FIELD OF THE INVENTIONThe invention relates to the technical field of a bogie of a high-speed railway vehicle, in particular to a bolster of a bogie.
BACKGROUND OF THE INVENTIONA bogie is an important part of a railway vehicle and is used for carrying the vehicle, providing traction force, damping and guiding, and a power bogie is further used for providing power for driving the railway vehicle to move forward.
The bogie includes a bogie with a bolster and a bogie without bolster, the bogie in the prior art typically comprises a frame, a wheelset, an axle box and the like, wherein the axle box is connected with the frame through a primary suspension, and the frame is connected with the vehicle body through a secondary suspension. The suspension devices typically comprises a resilient supporting member (e.g., a spring) and a damping member for absorbing energy (e.g., a hydraulic damper).

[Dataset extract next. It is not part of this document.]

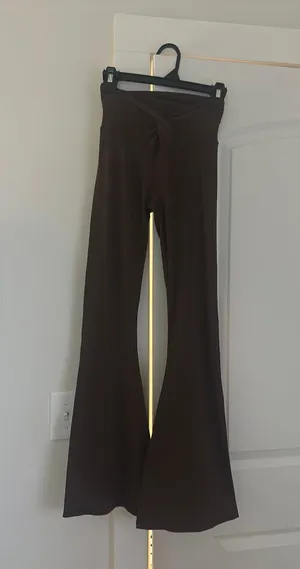 Aerie Knot Flare Leggings thumbnail 6
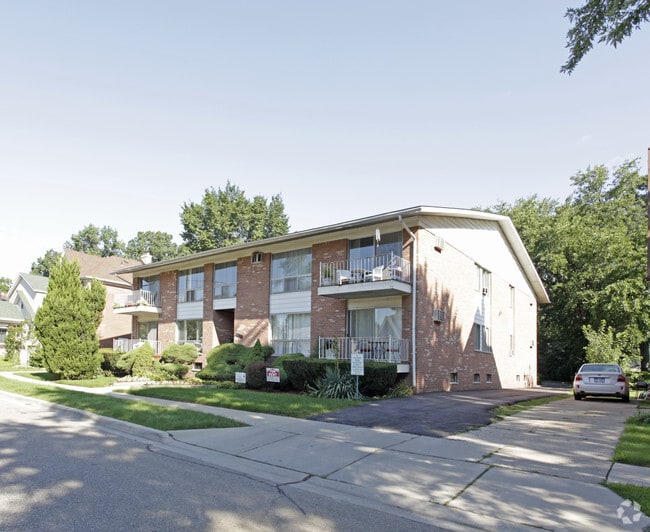 Oakridge Apartments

The drawback of the prior art is that, when the wheel is in the course of curvilinear motion, rotation and transverse movement between the vehicle body and the bogie are realized only by means of the transverse displacement of the air spring, an allowable offset between the vehicle body and the bogie is small, and it is impossible to pass a small turning radius smoothly. Thus safety operation of a vehicle adopting such a bogie requires large turning radius.

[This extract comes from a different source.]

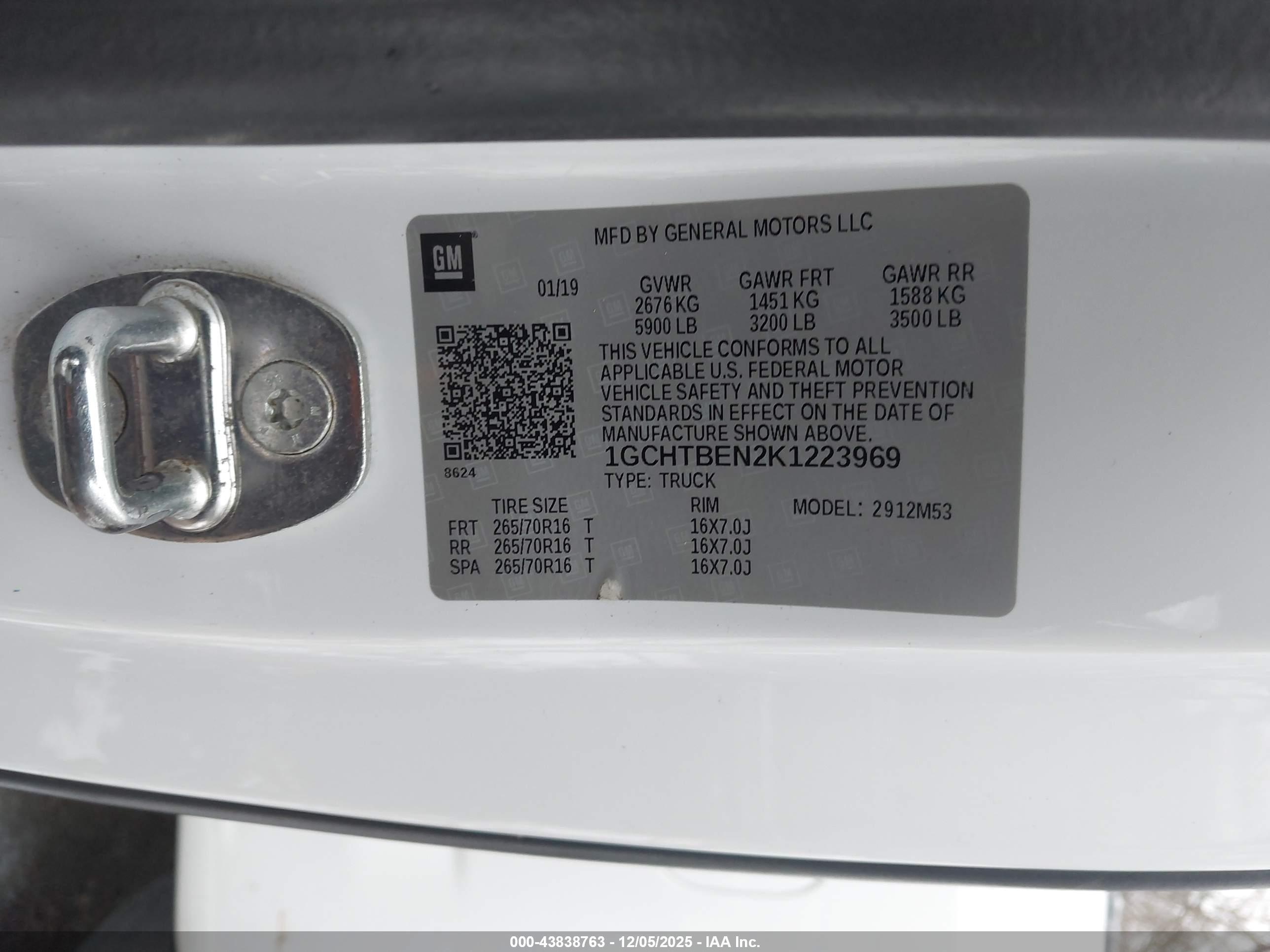 CHEVROLET COLORADO image 9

SUMMARY OF THE INVENTIONIn view of the above defect existing in the prior art, a technical problem to be solved in this invention is to provide a bolster of a bogie and a bogie adopting the bolster, increasing displacement and rotation angle between the vehicle body and the bogie, improving curve passing capability of the vehicle and adaptability of the vehicle to road conditions.
In order to solve the problem, the present invention provides a bolster of a bogie, wherein a traction pin is arranged in the middle of a lower side of the bolster, and the bolster is connected with a transverse beam of the bogie through the traction pin.
Preferably, the traction pin is sleeved with an elastic pin sleeve.
Preferably, a secondary suspension connected with the transverse beam of the bogie is arranged below the bolster, and a third suspension connected with the vehicle body is arranged above the bolster.
Preferably, the third suspension comprises any one of a plurality of laminated rubber piles, air springs and spiral steel springs, or any combination thereof.
Preferably, the secondary suspension comprises any one of a plurality of laminated rubber piles, air springs and spiral steel springs, or any combination thereof.
Preferably, a transverse buffer is arranged in the middle of one side of the bolster, the transverse buffer is in an open shape, and two opposite stop side surfaces are respectively provided with a buffer rubber.
Preferably, two transverse dampers are oppositely arranged on the other side of the bolster, one end of each transverse damper is connected with the bolster, and the other end is connected with the bottom of the vehicle body.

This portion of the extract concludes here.